O atual diretor criativo da marca é Song Jay, o filho do fundador de 30 anos, que assumiu o desafio de vestir não apenas os membros do BTS, mas também os 80 dançarinos, vocalistas e músicos que compuseram o espetáculo. Ele batizou a coleção de "Armadura Lírica", um conceito onde cada peça narra uma história específica para cada integrante:
- RM personifica o Herói, refletindo sua liderança.
- Jin assume o papel do Artista.
- Jimin é apresentado como o Poeta.
- Suga interpreta o Arquiteto.
- Jungkook representa a Vanguarda.
- J-Hope é o Sorigun, termo que designa o "homem do som".
- V é chamado de Doren, um conceito equivalente ao aristocrata europeu.
A eficácia desses trajes residiu na precisão com que capturaram os arquétipos e a energia individual de cada intérprete. Cada peça foi estruturada para que o público pudesse ler a identidade do artista instantaneamente, antes mesmo do primeiro movimento coreográfico. Embora houvesse uma unidade visual coesa para o grupo, cada membro manteve sua distinção como figura individual, com plasticidade e funções emocionais próprias dentro do coletivo.
A Songzio possui a rara habilidade de criar roupas que funcionam como objetos de arte estáticos, mas que revelam sua verdadeira essência através do movimento. No palco, elementos como assimetria, camadas sobrepostas e ombros estruturados ganham vida na dança e nos gestos bruscos. A vestimenta tornou-se uma extensão do corpo dos artistas, amplificando cada movimento para que fosse compreendido tanto por quem estava nos setores mais distantes da praça quanto pelas câmeras de transmissão em close-up.

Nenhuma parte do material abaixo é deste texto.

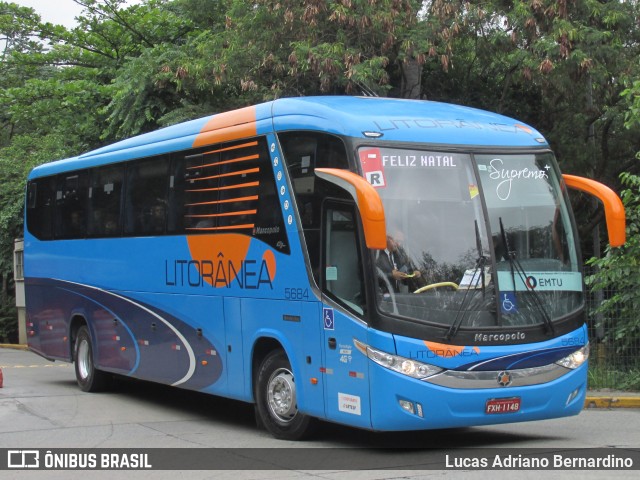 Litorânea Transportes Coletivos 5684 na cidade de São Paulo, São Paulo, Brasil, por Lucas Adriano Bernardino. Número da foto: #6305157.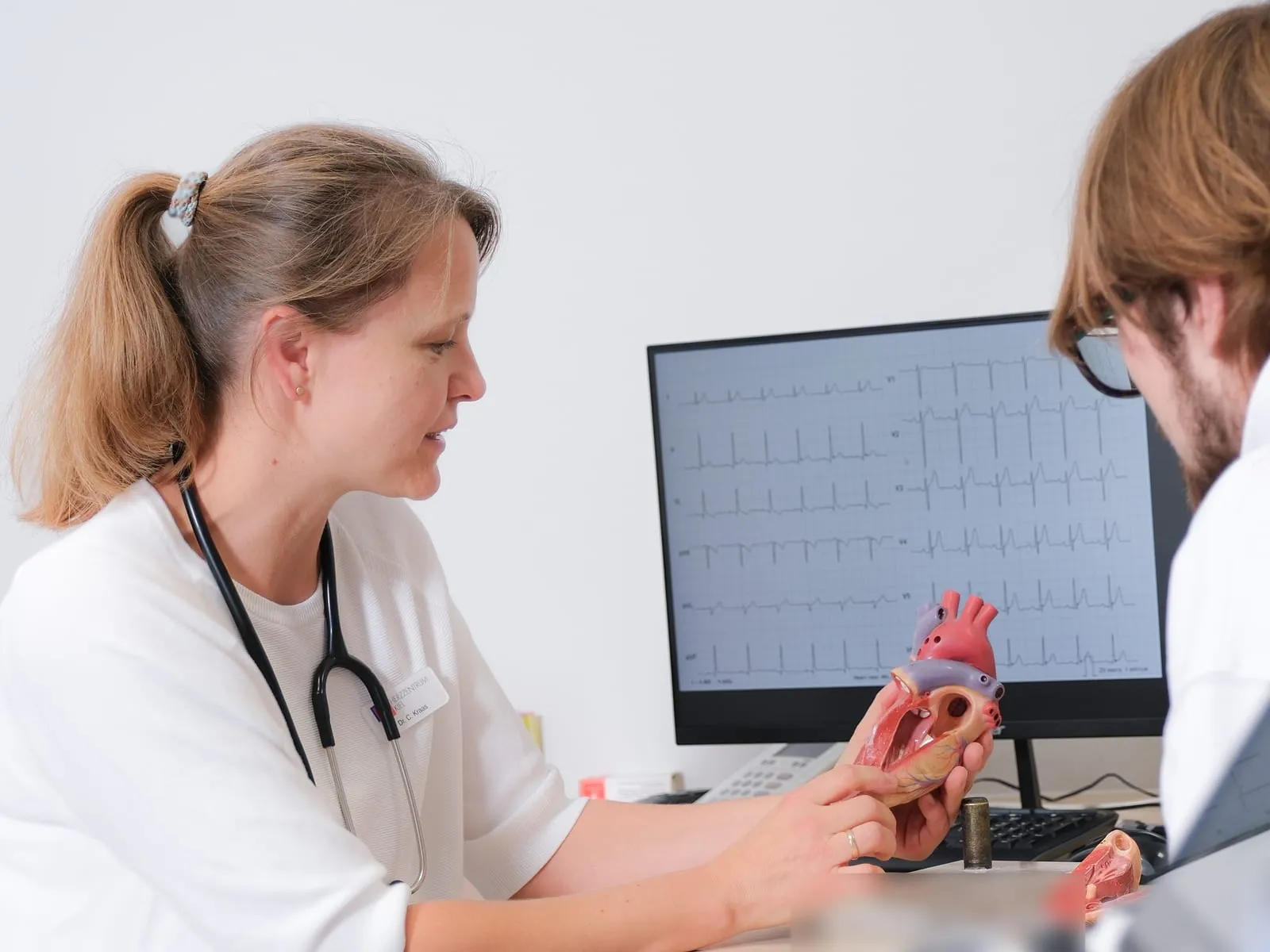 Eine Ärztin erklärt einem Patienten seinen Befund am Herzmodell, im Hintergrund ein EKG.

Este projeto também carrega um forte peso cultural. Embora o BTS tenha colaborado anteriormente com gigantes europeias como Dior, Gucci e Louis Vuitton — como visto no Grammy de 2022 com designs de Virgil Abloh —, a escolha de uma marca nacional para o seu retorno é um manifesto sobre a identidade coreana. Song Jay admitiu que, no passado, suavizava as referências coreanas para o mercado global, mas para esta coleção, ele decidiu que tudo deveria ser puramente coreano. Esse processo de dois meses inspirou a marca a ser ainda mais audaciosa em demonstrar suas raízes nas próximas temporadas.
A colaboração entre Songzio e BTS demonstra que a moda sul-coreana não é mais uma versão local de tendências globais, mas sim uma fonte original de soluções estéticas. O design coreano agora se posiciona como uma força independente, capaz de oferecer não apenas um espetáculo visual, mas um significado cultural profundo. O mundo testemunhou não apenas figurinos de concerto, mas o poder da identidade nacional moldando o futuro da moda internacional.